Opinion

New potential

Close campuses, open possibilities

In Short

The role of rabbis is not the same as it was in America a century ago. Our institutions should not look the same either. Now is the time for them to begin anew in dreaming what they could become. 

Rabbinical, cantorial and educational schools are reducing their physical footprints across America at a remarkable clip. In the past several years, The Jewish Theological Seminary of America sold its air rights; Hebrew College sold its building and moved into a shared campus with other mainstays of Jewish life in Boston. Now the Board of Governors of the Hebrew Union College – Jewish Institute of Religion has voted to deaccession its Cincinnati campus Moving its rabbinical programs to Los Angeles, New York and a hybrid learning format. 

It would be easy to conclude that the future for professional Jewish leadership in America is grim. But we would do well not to conflate the closure of space with the foreclosure of opportunities. These long overdue reductions in physical plant lay the groundwork for future mergers and the potential for an era of profound pluralism, lay empowerment and renewed purpose. 

First the inherent downside of overinvestment in physical spaces. They make us feel safe and at home, fill us with awe and connect us to the past. Yet they can also snare us in nostalgia for a time when we were just barely “making it” in America. They are cathedrals to our integration, and our communities pay an extraordinary price for them, while diverting resources from the human-centered projects of our community’s future.  

For a sense of the scale of this drain of resources, as of 2014, a meager 168 rabbis studied for ordination across nine institutions from the major denominations and movements in the United States. The data is even more stark when Modern Orthodox seminaries are excluded. We have since seen a sharp decline in enrollment from these already unsustainable numbers, indicating that there may be fewer than 75 students per class year across nine campuses within progressive movements. That would mean an average of approximately forty rabbinical graduates per campus (spread over five class years), with each campus requiring millions of dollars in upkeep and staffing. Tuition for many rabbinical schools hovers around $40,000 per year, dissuading many people from pursuing their calling. 

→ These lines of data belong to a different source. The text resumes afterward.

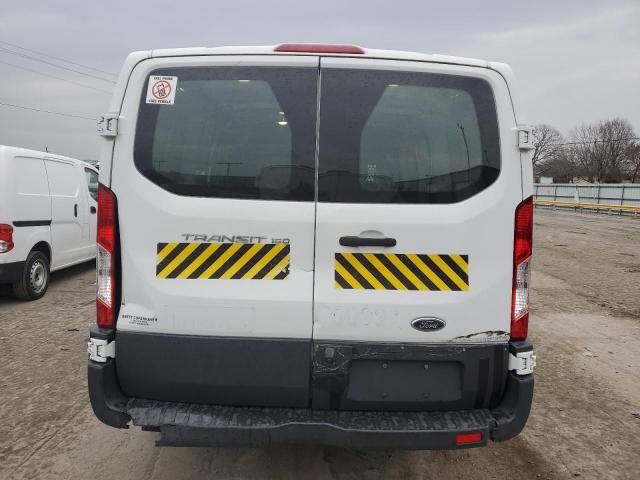 1FTYE1ZM3HKA51573 - 2017 FORD TRANSIT T-150 WHITE photo 6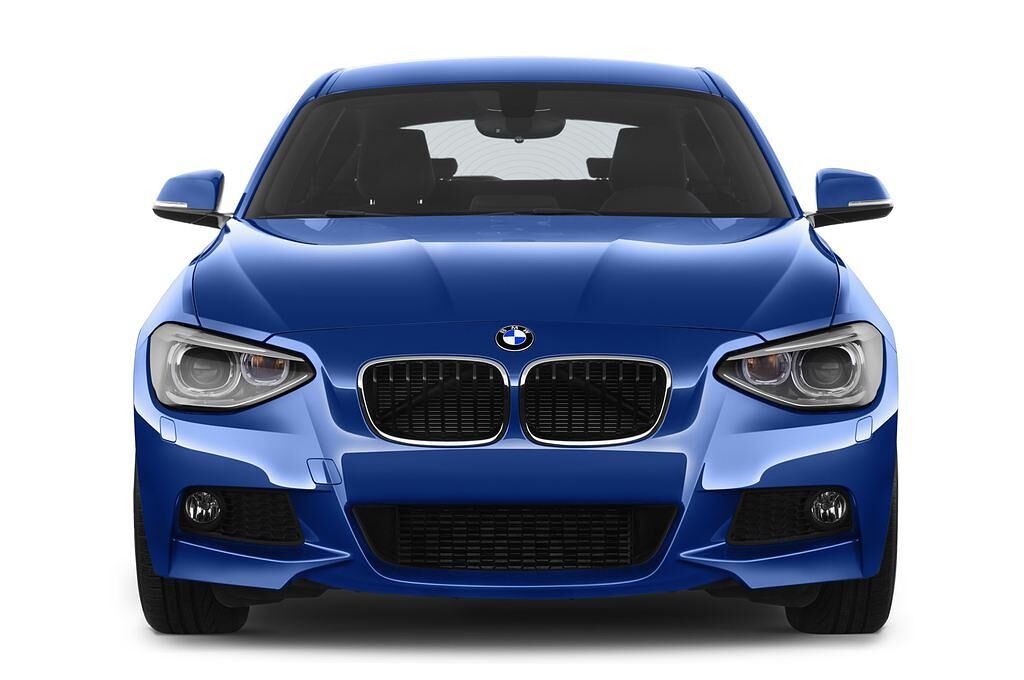 BMW 1 Series (Baujahr 2013) M Sportpaket 3 Türen Frontansicht
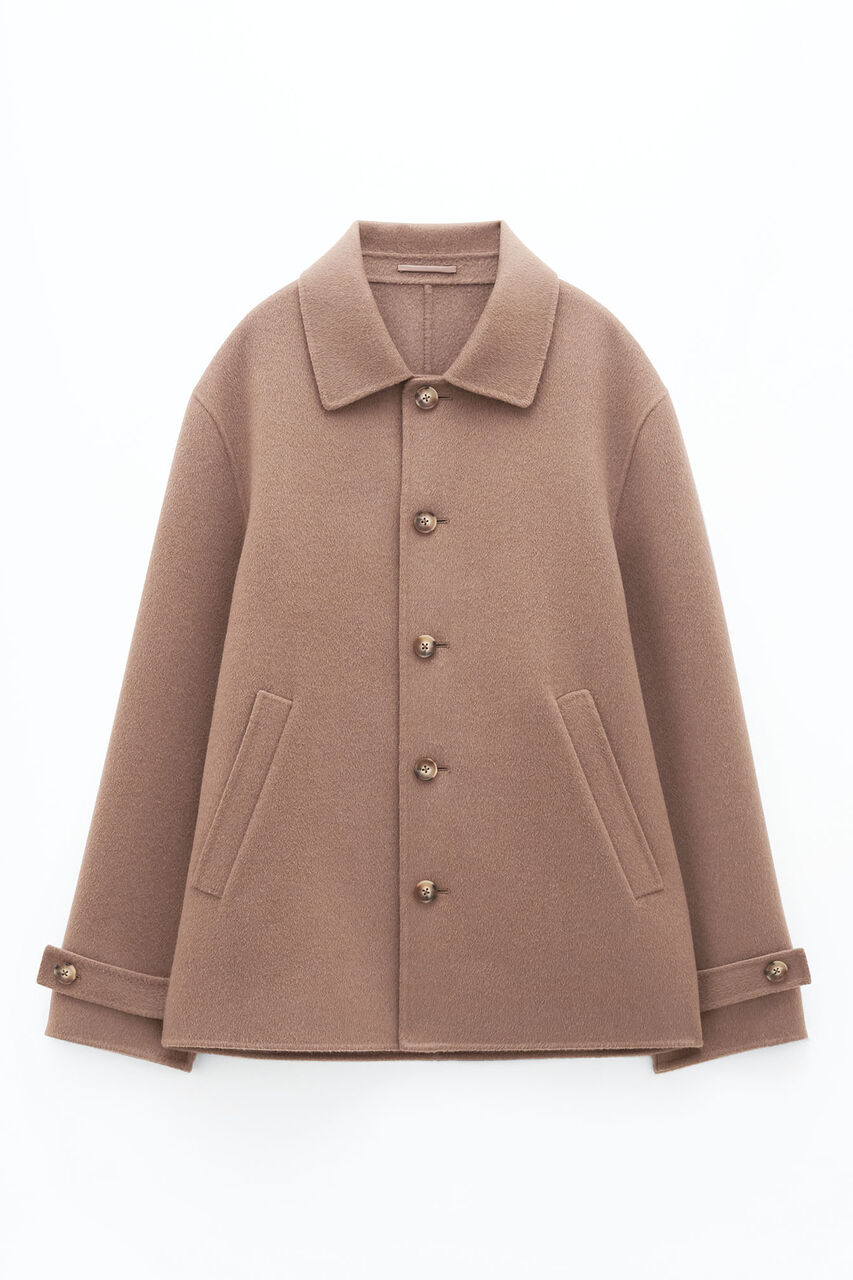 Wool Cashmere Jacket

The result is too few clergy and Jewish professionals to meet the demand. Synagogues and Jewish nonprofits race to attract artificially scarce clergy talent. Based on simple economics, the result of reduced supply is inflated clergy salaries

Rabbis are highest-paid clergy in the United States, earning three-and-a-half times as much as their Christian counterparts. Rabbis at small- to midsize synagogues earn nearly as much as “mega-church” pastors who serve communities of over two thousand people. Jewish nonprofit leaders can earn hundreds of thousands of dollars, with prominent figures nearing a million dollars in annual compensation.

The high salaries further drain funds that our organizations and institutions could better spend in fulfilling their mission. A simple answer would be to make tuition free for all for rabbinical school. It is more than possible, the American diaspora rids itself of an undue love for physical space. 

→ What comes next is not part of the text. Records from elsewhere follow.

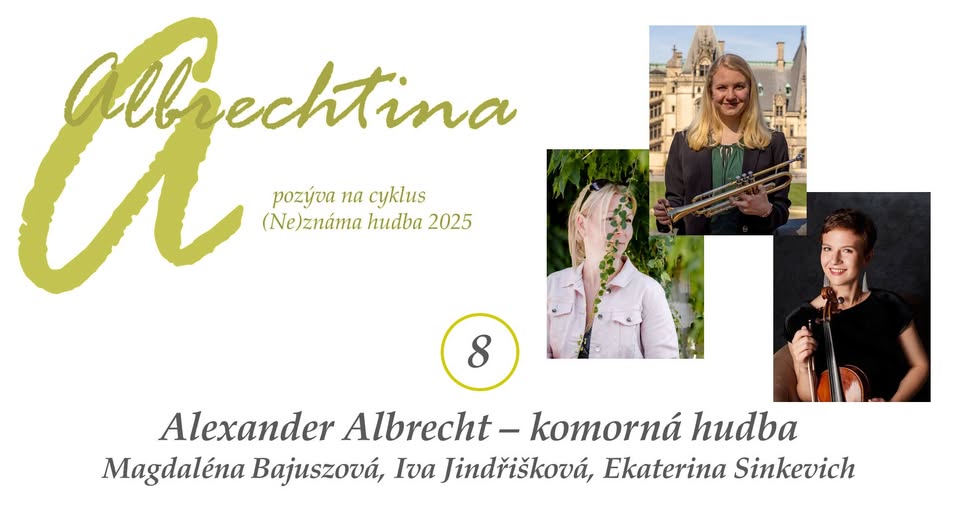(Ne)známa hudba 8/25: Alexander Albrecht - koncert k 140. výročiu narodenia skladateľa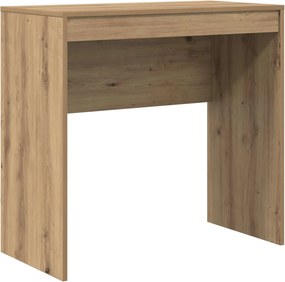 vidaXL Γραφείο Artisan Oak 125,5 x 40 x 127 εκ 2 τμχ.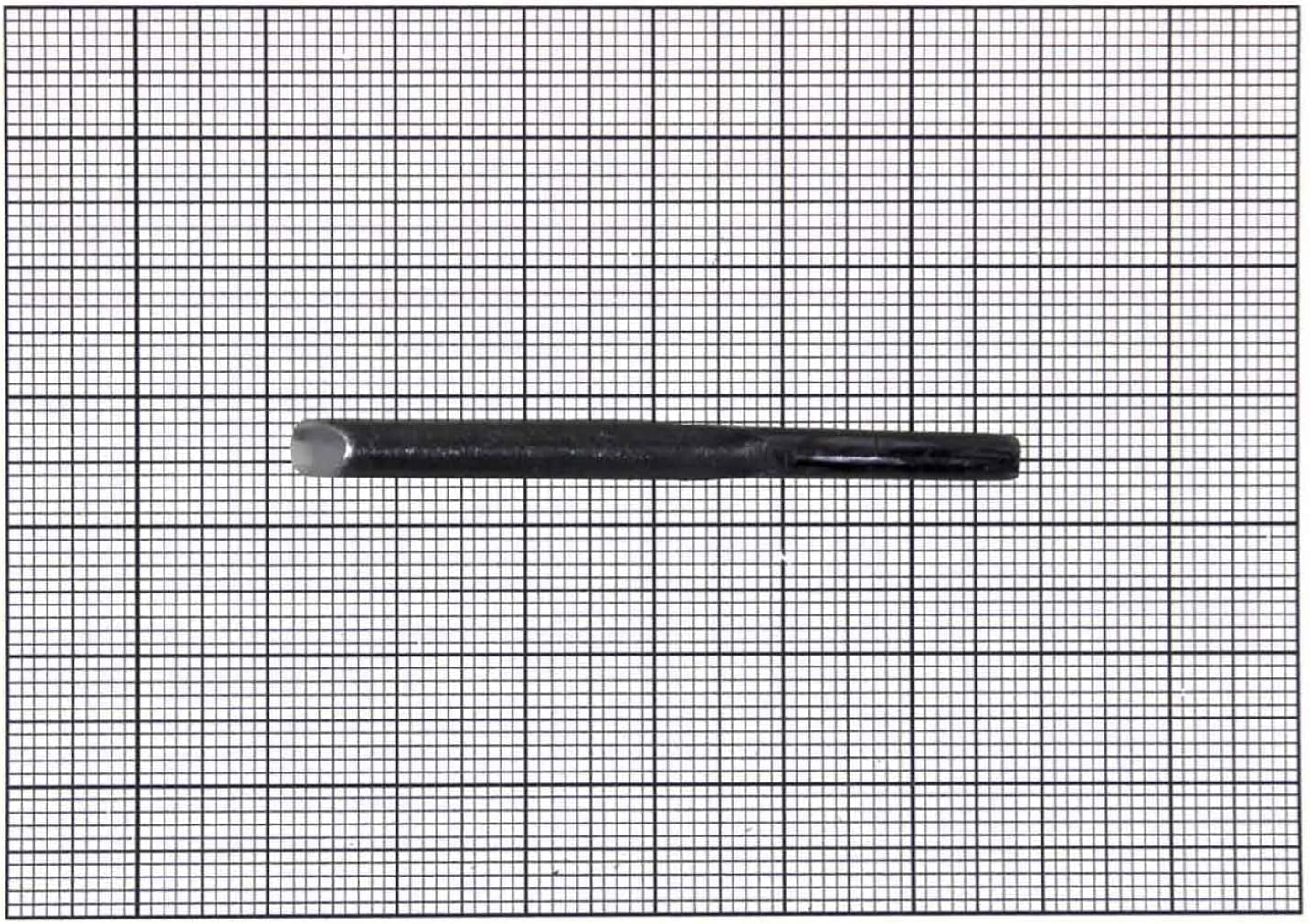 Handy Electric Wood Carving Tool Round 4.5mm Special U-Gouge Chisel Power Carver Replacement Spare Accessory Blade, for Woodworking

The Ziegler School at the American Jewish University in California showed us how, by shoring up their finances, deciding to sell its Bel Air campus, and slashing tuition. AJU’s president, Jeffrey Herbst, shared:

“We are seeking to sell the Familian Campus because we no longer believe that holding twenty-two acres in Bel Air is necessarily the best way to support our critical mission of promoting Jewish journeys, and strengthening the Jewish life of individuals, organizations, and our community.”

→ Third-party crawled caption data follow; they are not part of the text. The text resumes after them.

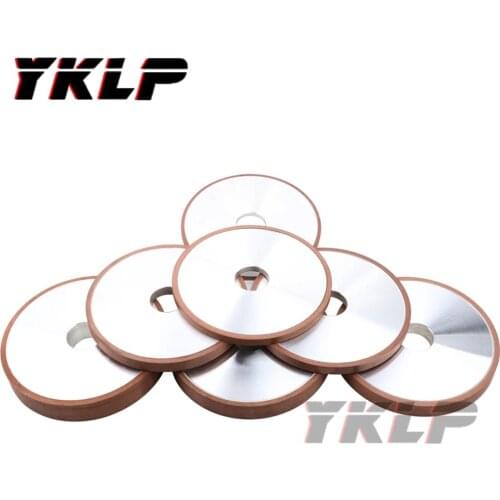 5 Inch Resin Diamond Grinding Wheel Disc for Angle Grinder Carbide Cutter Metal 150-400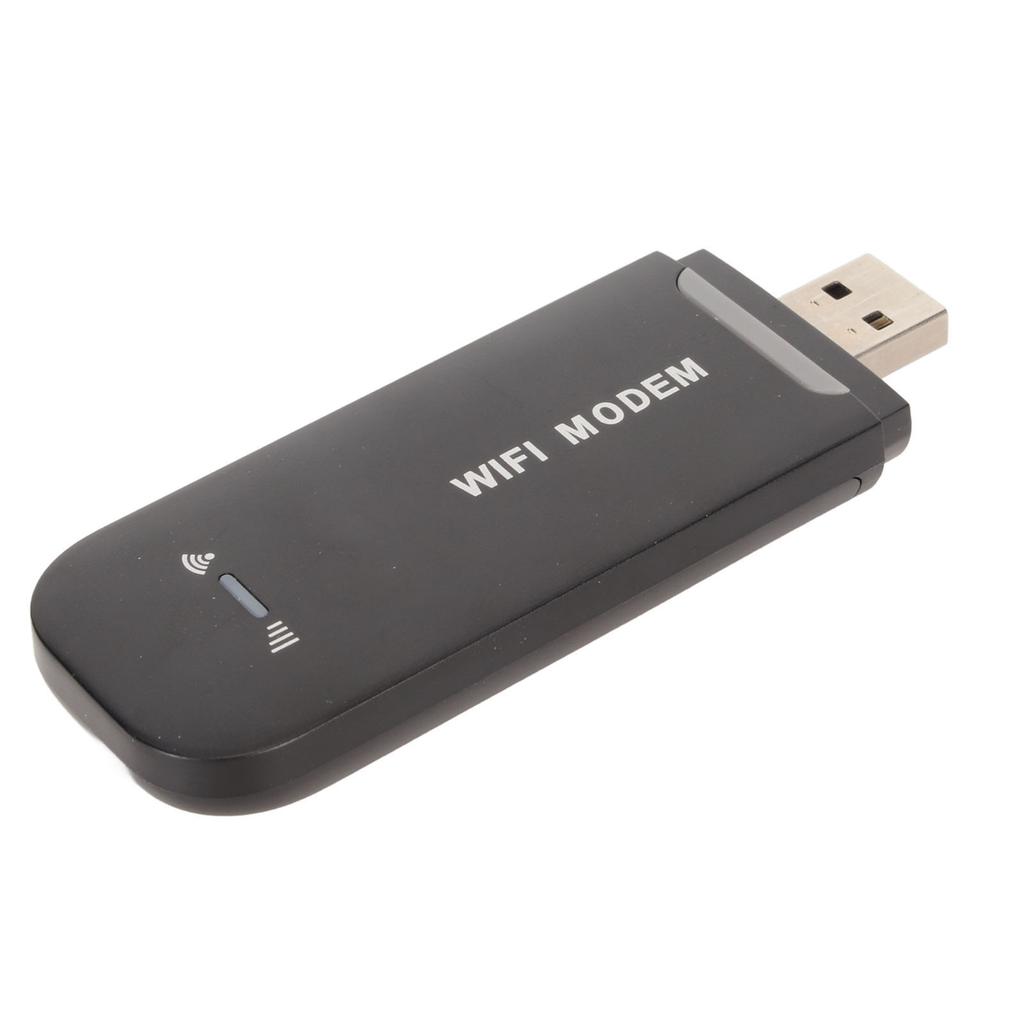 4G WiFi Router 150Mbps High Speed Micro SIM Card Slot 10 Users Share Portable 4G LTE USB WiFi Modem for Office Travel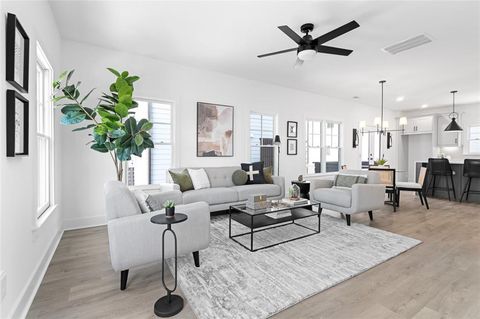 A home in Atlanta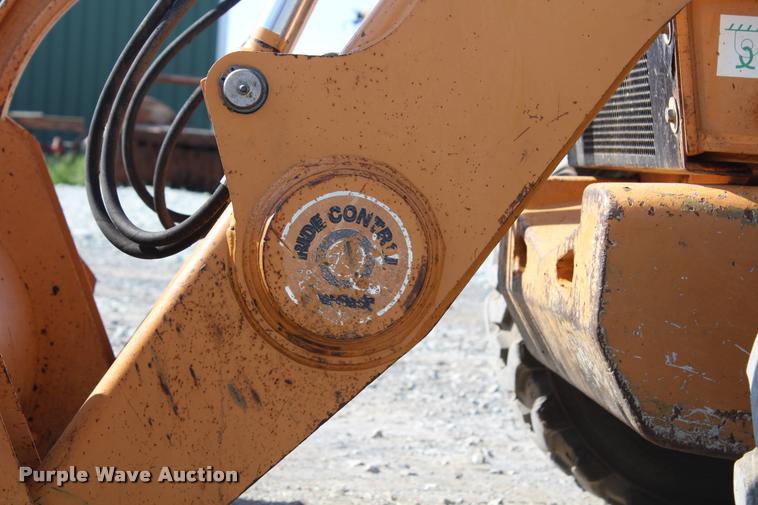 image for item K1950 2006 Case 580 Super M Series II backhoe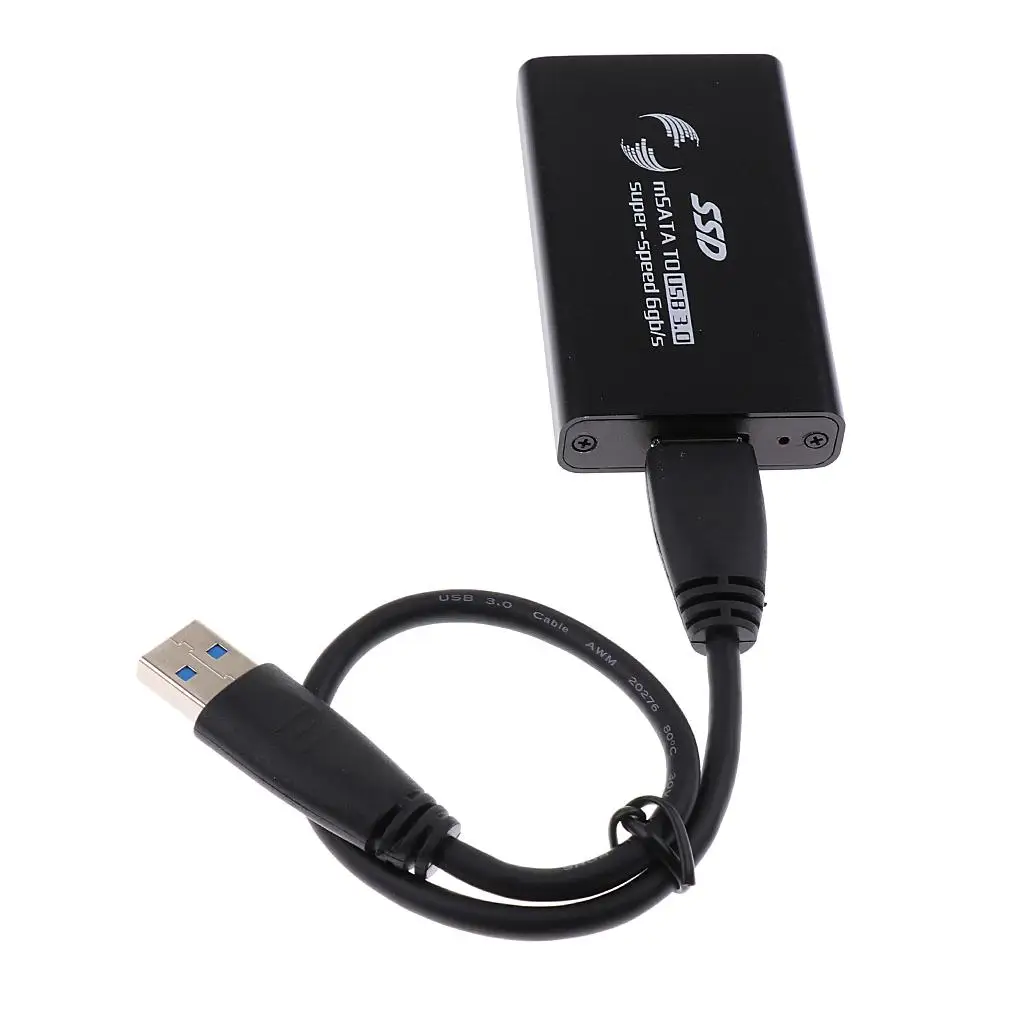 USB 3.0 USB3.0 to    SSD Adapter Converter Card External Enclosure Case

Herbst is right. The status quo in American rabbinical and Jewish professional schools is untenable. They need to serve the Jewish people rather than allowing their own continuity to become a goal unto itself. To do so, they need to reduce tuition, increase enrollment and refocus on training laypeople for roles unnecessarily reserved for clergy. 

That may well mean closing campuses, merging schools and other steps. Such changes would be painful. But they would also open remarkable possibilities for a diaspora with more clergy and better-served communities. The role of rabbis is not the same as it was in America a century ago. Our institutions should not look the same either. Now is the time for them to begin anew in dreaming what they could become. 

Rabbi Benjamin Spratt is senior rabbi of Congregation Rodeph Sholom in New York. Rabbi Joshua Stanton is senior fellow at CLAL – The National Jewish Center for Learning and Leadership and rabbi of East End Temple. The two are coauthors of Awakenings: American Jewish Transformations in Identity, Leadership, and Belonging.